The better reasoning would be why would tesla provide and support using launch mode when it could damage the drive train? It appears to me from their actions they were trying their best to deliver on the 10.9 promise and did not properly test and evaluate the negative impact when combining launch mode with the higher amps provided by the V2 and V3 batteries. Nothing to do with causing a fire.
Well now I can't damage the drive train.

The drivetrain is electric and overheats when too much current is drawn through it. The contactors melt and could potentially catch on fire. This is not an ICE drivetrain.

As I keep saying. Sign a wavier that exonerates Tessa's liability from damage when you constantly launch your car and everyone would be happy.
 
Well now I can't damage the drive train.

The drivetrain is electric and overheats when too much current is drawn through it. The contactors melt and could potentially catch on fire. This is not an ICE drivetrain.
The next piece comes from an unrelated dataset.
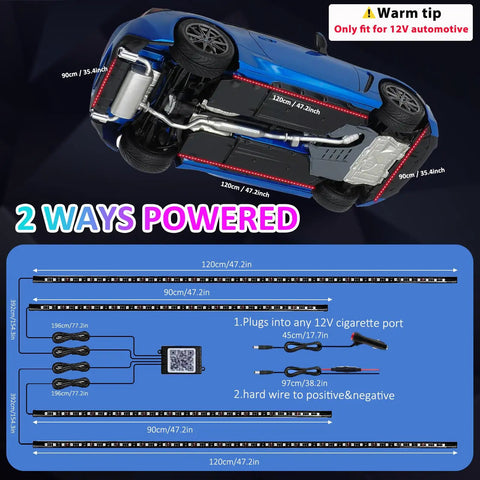 Diagram showing 4 Piece Underglow Kit For Cars And Trucks App Controlled Multicolor RGB Underbody Lights installation options.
As I keep saying. Sign a wavier that exonerates Tessa's liability from damage when you constantly launch your car and everyone would be happy.
The only thing that will make most all P90DL customers happy is when they all receive a car that meets specifications. If that had happened from day one we would be close to 4000 less posts in this forum.
 
The only thing that will make most all P90DL customers happy is when they all receive a car that meets specifications. If that had happened from day one we would be close to 4000 less posts in this forum.

And if they had delivered the P85D with the advertised specs there might be 15,000 less posts. After a lot of noise, Tesla graciously offered up a "discount" to the early P85D buyers so they could pay an additional $5,000 and wait a year or more to get closer to what Tesla promised before we bought them.

Unless you live in Norway where the threat of losing in the courts forced them to come clean.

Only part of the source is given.